### What is being asked
Every record below needs to be set down exactly. Pictures do not belong in the copy.
___ Data extracts
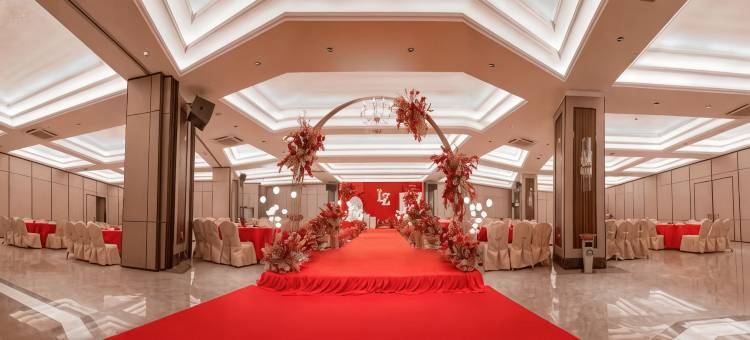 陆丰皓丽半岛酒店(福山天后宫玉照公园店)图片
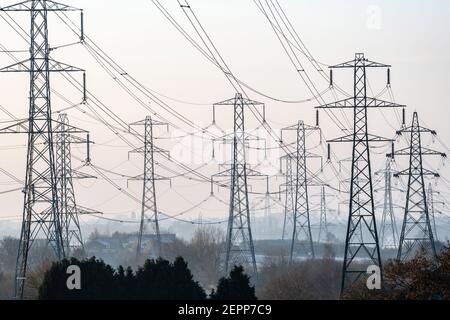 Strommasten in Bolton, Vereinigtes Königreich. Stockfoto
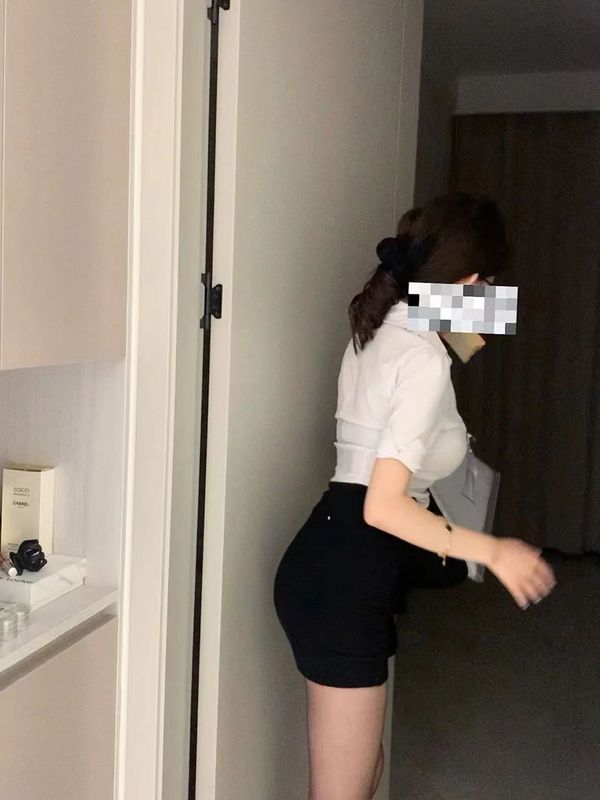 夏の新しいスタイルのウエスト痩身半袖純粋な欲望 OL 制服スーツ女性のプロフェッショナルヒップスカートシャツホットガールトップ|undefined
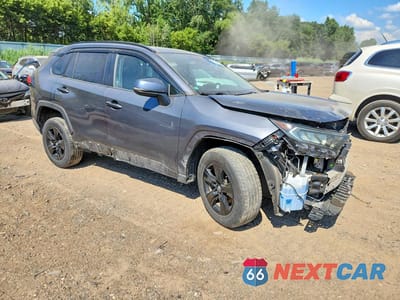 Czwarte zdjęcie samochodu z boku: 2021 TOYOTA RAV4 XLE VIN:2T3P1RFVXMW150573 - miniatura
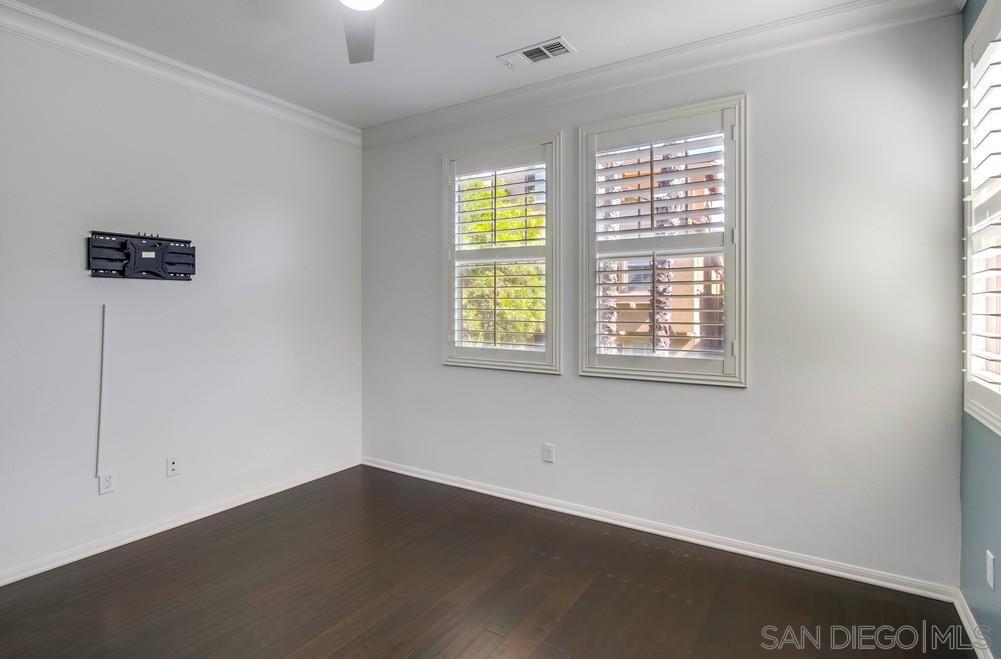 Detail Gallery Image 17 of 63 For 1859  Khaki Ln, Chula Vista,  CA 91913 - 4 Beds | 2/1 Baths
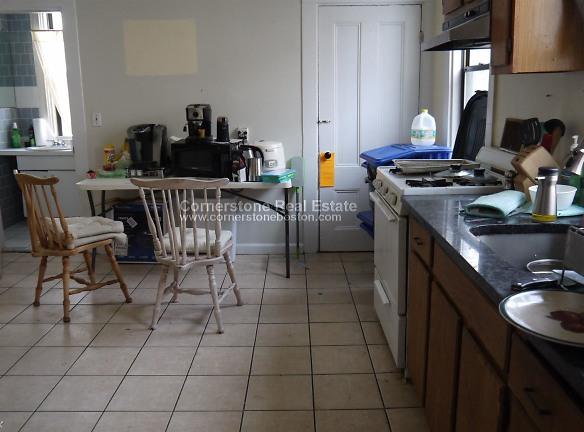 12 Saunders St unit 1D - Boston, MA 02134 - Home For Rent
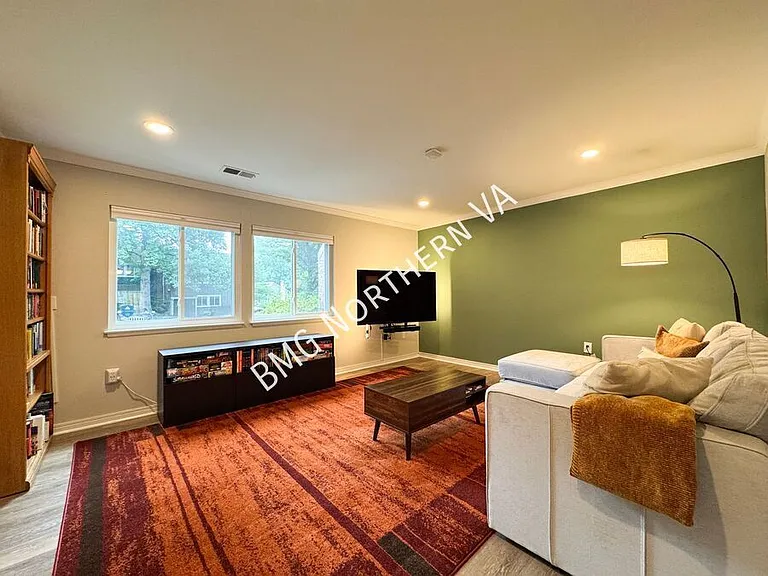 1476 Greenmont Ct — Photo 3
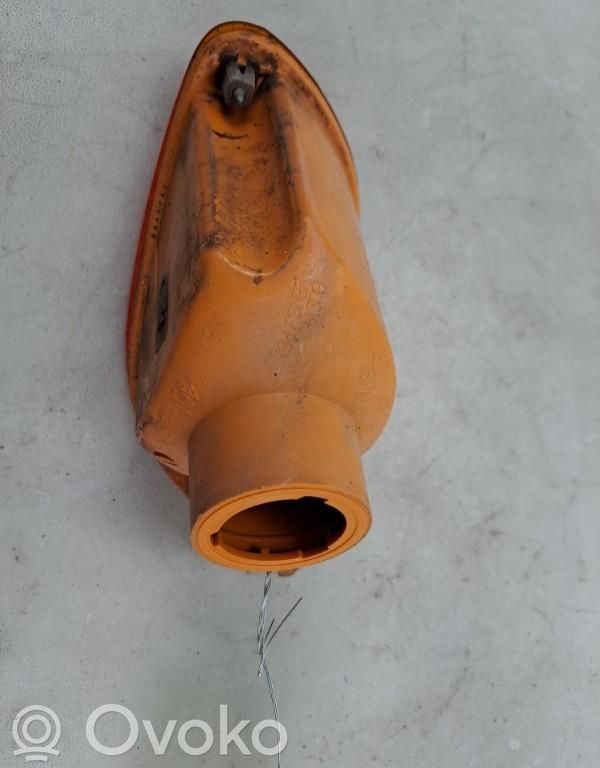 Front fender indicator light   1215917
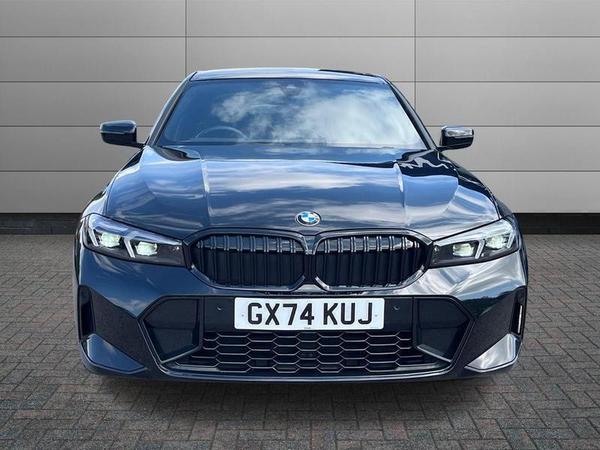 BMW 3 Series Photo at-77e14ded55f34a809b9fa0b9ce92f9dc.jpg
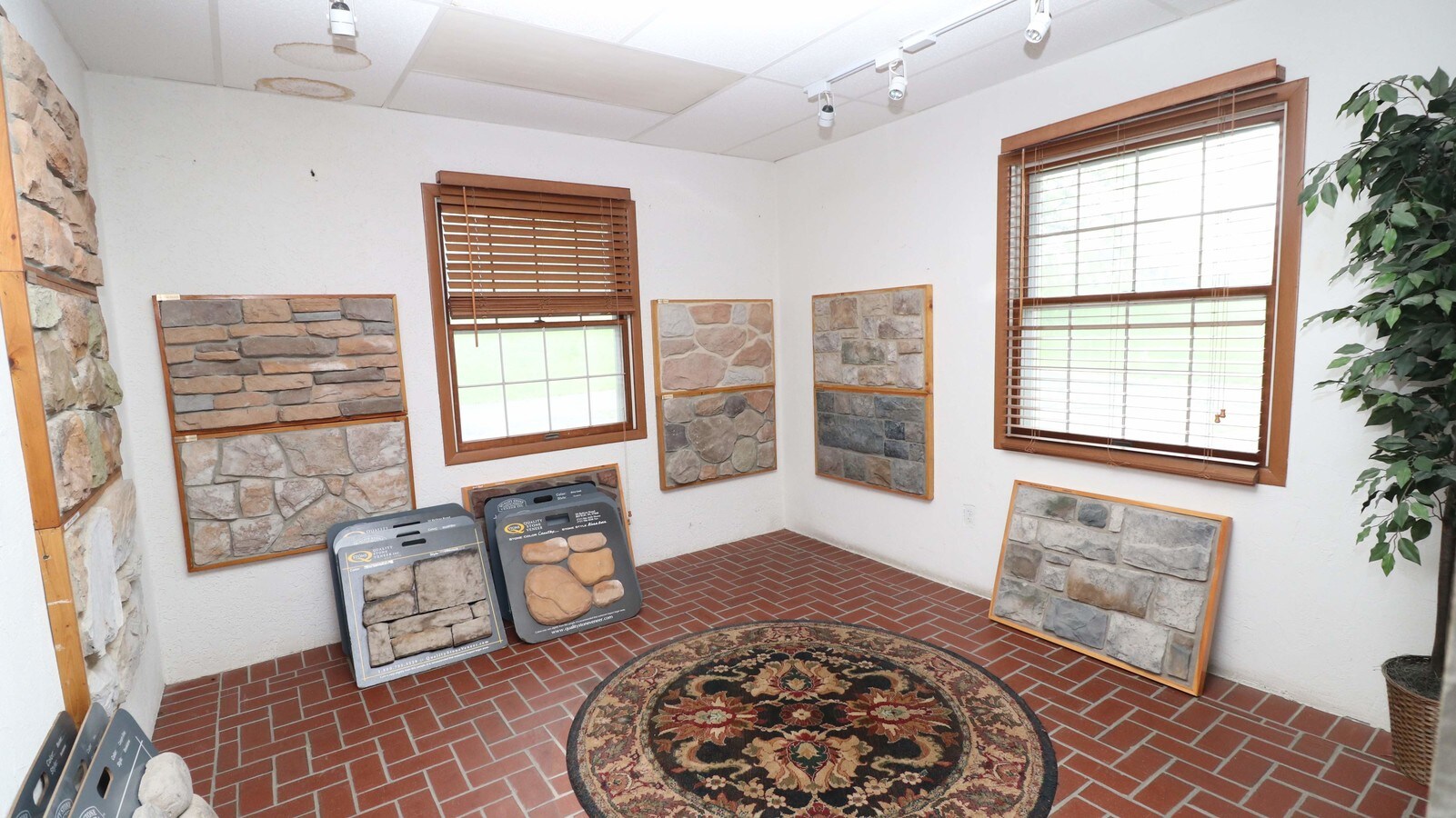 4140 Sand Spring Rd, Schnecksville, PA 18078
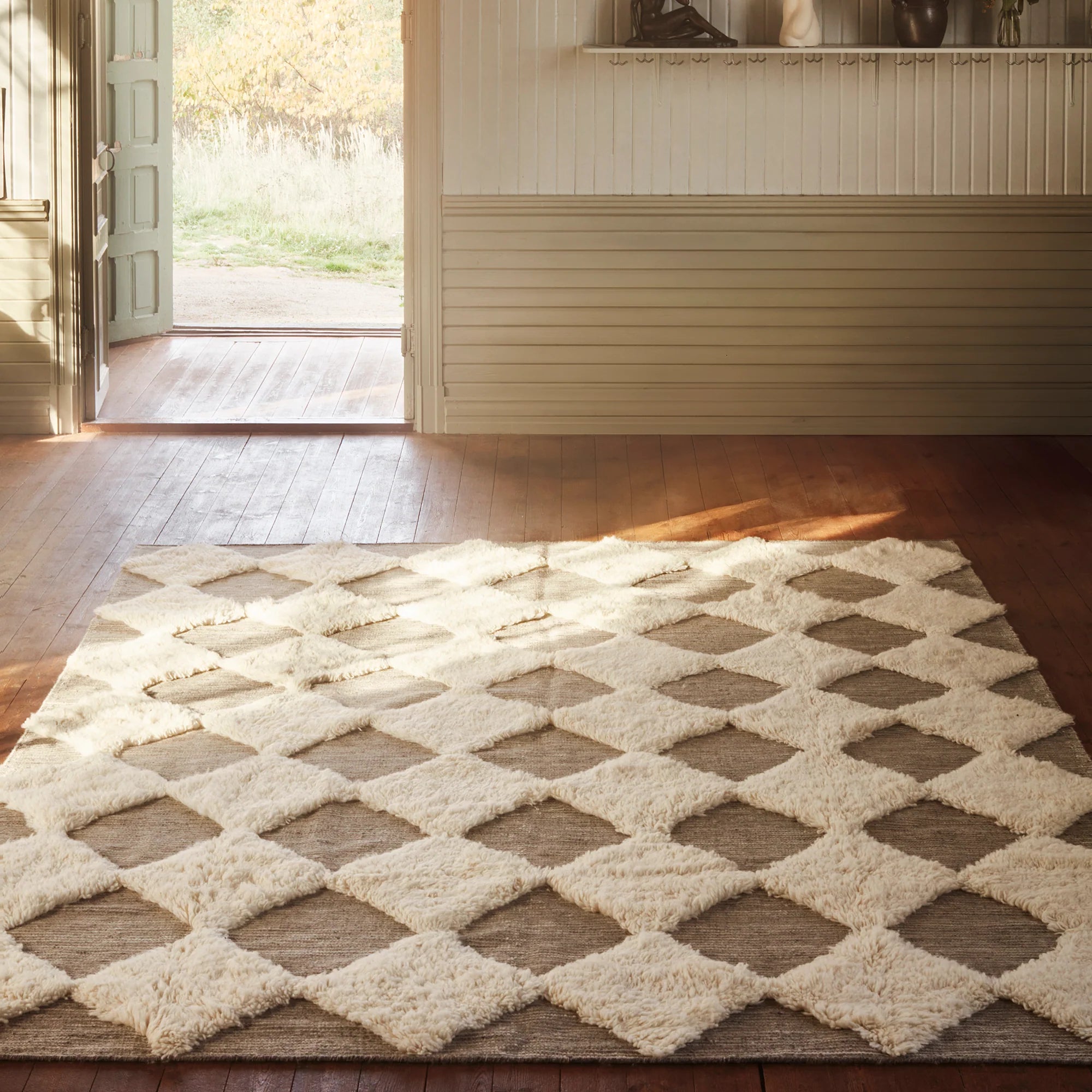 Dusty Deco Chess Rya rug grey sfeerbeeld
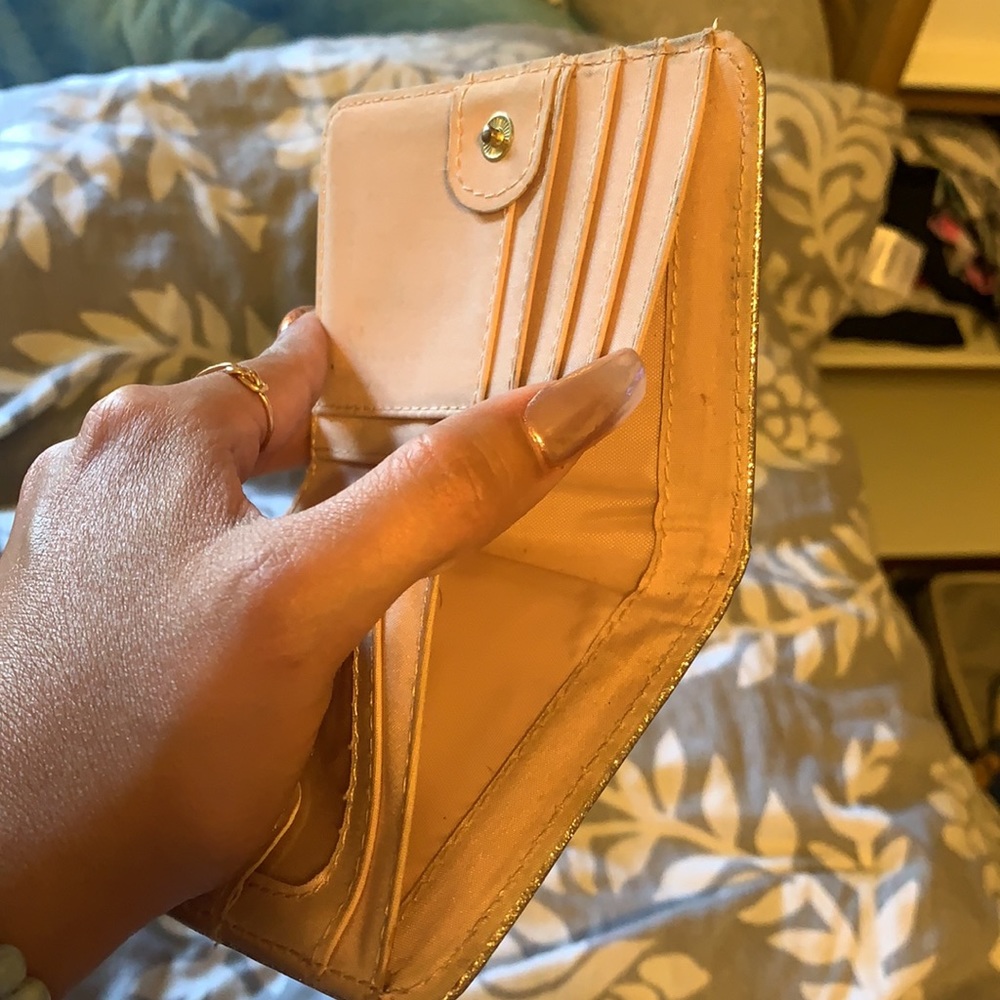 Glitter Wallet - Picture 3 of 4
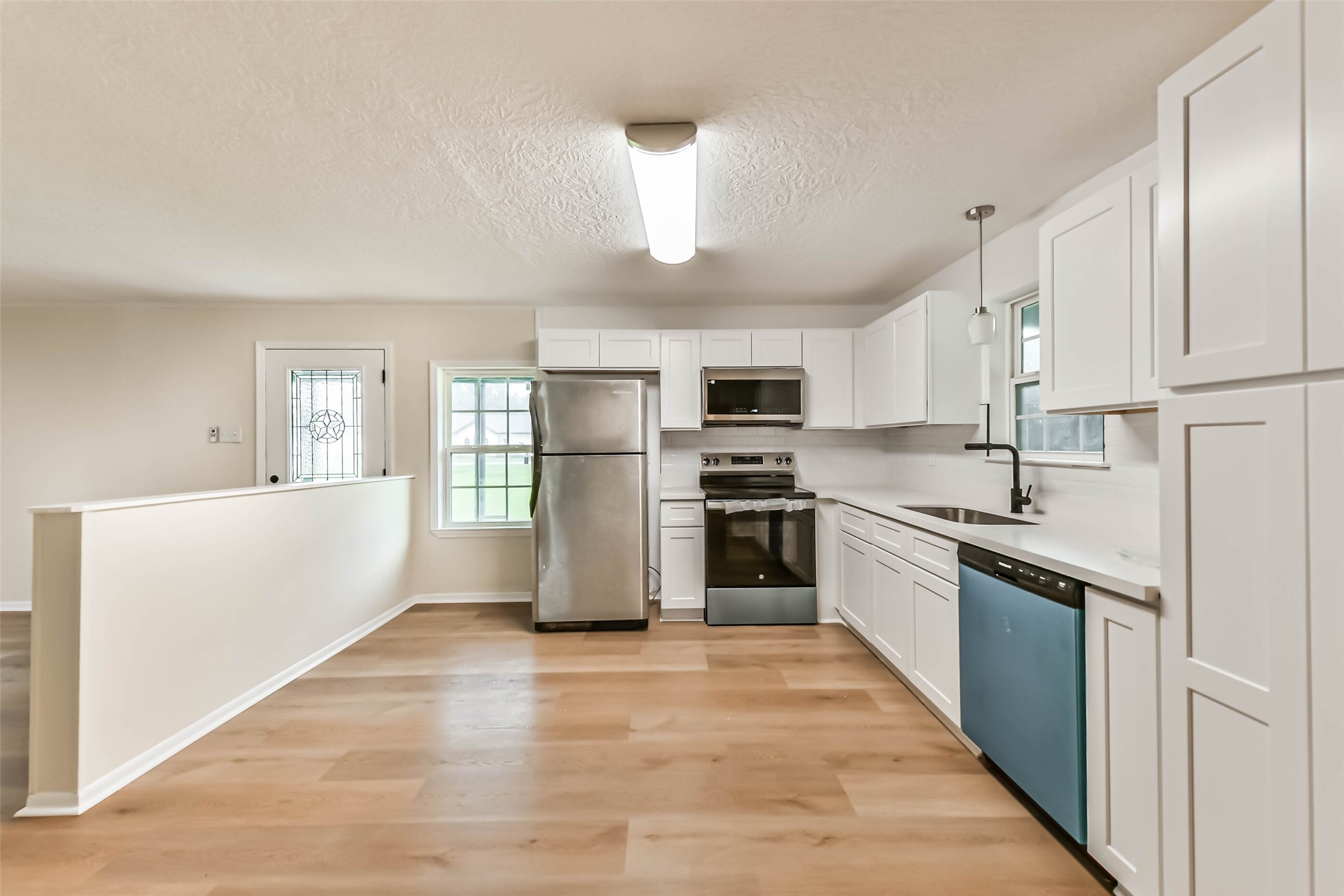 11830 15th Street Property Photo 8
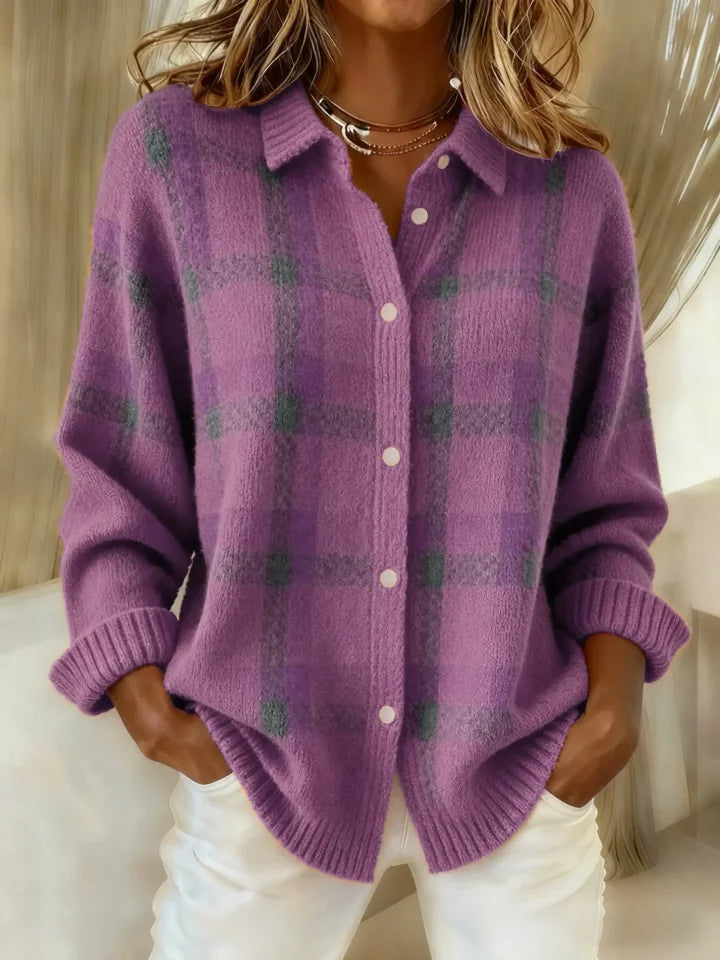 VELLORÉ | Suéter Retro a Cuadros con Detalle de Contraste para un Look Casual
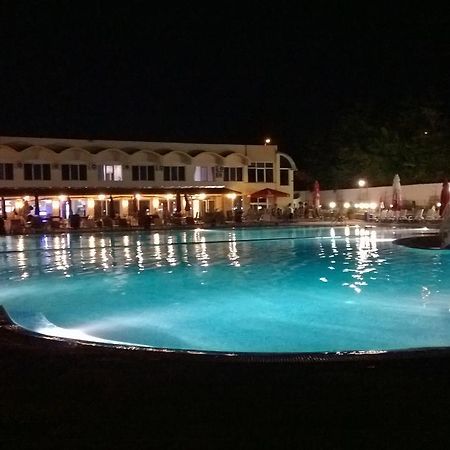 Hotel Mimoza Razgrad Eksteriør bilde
______
### Answer to this exercise
 陆丰皓丽半岛酒店(福山天后宫玉照公园店)图片
 Strommasten in Bolton, Vereinigtes Königreich. Stockfoto
 夏の新しいスタイルのウエスト痩身半袖純粋な欲望 OL 制服スーツ女性のプロフェッショナルヒップスカートシャツホットガールトップ|undefined
 Czwarte zdjęcie samochodu z boku: 2021 TOYOTA RAV4 XLE VIN:2T3P1RFVXMW150573 - miniatura
 Detail Gallery Image 17 of 63 For 1859  Khaki Ln, Chula Vista,  CA 91913 - 4 Beds | 2/1 Baths
 12 Saunders St unit 1D - Boston, MA 02134 - Home For Rent
 1476 Greenmont Ct — Photo 3
 Front fender indicator light   1215917
 BMW 3 Series Photo at-77e14ded55f34a809b9fa0b9ce92f9dc.jpg
 4140 Sand Spring Rd, Schnecksville, PA 18078
 Dusty Deco Chess Rya rug grey sfeerbeeld
 Glitter Wallet - Picture 3 of 4
 11830 15th Street Property Photo 8
 VELLORÉ | Suéter Retro a Cuadros con Detalle de Contraste para un Look Casual
 Hotel Mimoza Razgrad Eksteriør bilde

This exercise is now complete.